Richard Kihl Ltd has a track record of over fifty years in sourcing the finest wines for investment, for our customers. Our long-standing relationships with many of the world's most sought-after domaines are one of our greatest strengths, along with the level of personal service we offer to our clients.
Fine wine, along with fine art, is one of the more pleasurable investments one can make. You do not need to be an expert and we are always happy to give advice. As wine merchants, our focus is on wines and vintages; their potential quality and market conditions. We are not registered by the FSA and so are not qualified to give investment advice, other than to remind customers that of course wine prices may go down as well as up! However, we would be happy to try and answer any questions you may have.
The data above from Liv-Ex shows that over the five years to February 2020, the fine wine market out-performed equities.
Simple supply and demand is a compelling argument for investing in fine wine. The classic appellations are strictly delimited and vineyard prices have risen rapidly in recent years. Burgundy is a case in point, where the average price per hectare of grand cru vineyard doubled from around seven million euros in 2008 to 14 million euros in 2017 (current prices are closer to 20 million euros). Added to this, the trend is for producers to reduce yields each year as they strive for ever-higher quality.

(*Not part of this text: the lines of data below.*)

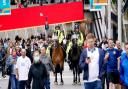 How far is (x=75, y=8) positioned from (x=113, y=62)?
2130 cm

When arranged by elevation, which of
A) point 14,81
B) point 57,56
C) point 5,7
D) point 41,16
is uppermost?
point 14,81

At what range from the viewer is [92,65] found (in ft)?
60.5

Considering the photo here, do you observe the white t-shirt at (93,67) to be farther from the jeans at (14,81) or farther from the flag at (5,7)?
the flag at (5,7)

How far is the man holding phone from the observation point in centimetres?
1841

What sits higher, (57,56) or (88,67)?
(88,67)

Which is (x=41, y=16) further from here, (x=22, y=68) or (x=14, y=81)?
(x=22, y=68)

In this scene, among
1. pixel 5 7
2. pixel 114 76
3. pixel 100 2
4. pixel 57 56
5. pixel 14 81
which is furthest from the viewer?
pixel 5 7

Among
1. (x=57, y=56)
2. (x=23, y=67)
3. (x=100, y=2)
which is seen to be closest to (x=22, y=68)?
(x=23, y=67)

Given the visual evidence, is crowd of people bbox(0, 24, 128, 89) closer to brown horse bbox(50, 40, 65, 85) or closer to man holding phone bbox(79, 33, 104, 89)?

Meanwhile, demand globally is rising as new markets emerge and fine wine is added to the portfolio of luxury products desired by a growing population of millionaires. Furthermore, each time they open a bottle, supply is lowered still further and upward pressure on prices increases.
The diversity of investment wines is increasing, year by year. In 2010, Bordeaux First Growths accounted for 61.9% of secondary market trade by value. By 2020, this had fallen to 32.6%. However, the number of wines which we would class as 'investment grade' is still relatively limited, with costs usually starting at £750-£1000 per case.
As with all investment, it is usually wise to spread funds across a portfolio of wines, hence a meaningful initial investment might be from £5000. We can also accept monthly direct debits from £250, making buying recommendations as and when funds have been accrued.
Finally, and importantly, wine has traditionally been regarded as a 'wasting asset' by HMRC and therefore may not attract Capital Gains Tax. For current legislation and further details of any tax implications please speak to your financial adviser.